Disaster recovery strategies in Azure - Time & Space Complexity
When planning disaster recovery in Azure, it's important to understand how the time to recover grows as the amount of data or resources increases.
We want to know how the recovery steps scale when more resources or data are involved.
Analyze the time complexity of recovering multiple virtual machines using Azure Site Recovery.

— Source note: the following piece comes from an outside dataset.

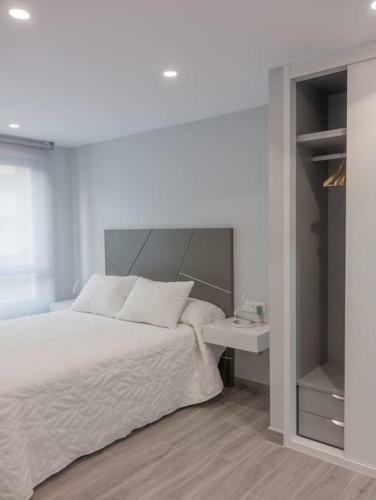Apartamento Sakura Homes Ponferrada Centro 8 Plazas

// Start recovery for each VM
foreach (var vm in vmList) {
StartRecovery(vm);
WaitForRecoveryCompletion(vm);
}
// Verify all VMs are running
CheckAllVMsRunning(vmList);
This sequence starts recovery for each virtual machine one by one and waits for each to complete before moving on.
Look at what repeats in this recovery process:
- Primary operation: Starting and waiting for recovery of each VM.
- How many times: Once per VM in the list.
As the number of VMs increases, the total recovery time grows because each VM is recovered one after another.
| Input Size (n) | Approx. Recovery Steps |
|---|---|
| 10 | 10 recovery starts and waits |
| 100 | 100 recovery starts and waits |
| 1000 | 1000 recovery starts and waits |
Pattern observation: The total recovery time grows directly with the number of VMs.
Time Complexity: O(n)
This means the recovery time increases in a straight line as you add more virtual machines to recover.
[X] Wrong: "Recovering multiple VMs at once will always take the same time as recovering one."
[OK] Correct: Each VM recovery takes time, so doing many one after another adds up and takes longer overall.
Understanding how recovery time scales helps you design better disaster recovery plans and shows you can think about real-world cloud challenges clearly.
"What if we started recovery for all VMs at the same time instead of waiting for each to finish? How would the time complexity change?"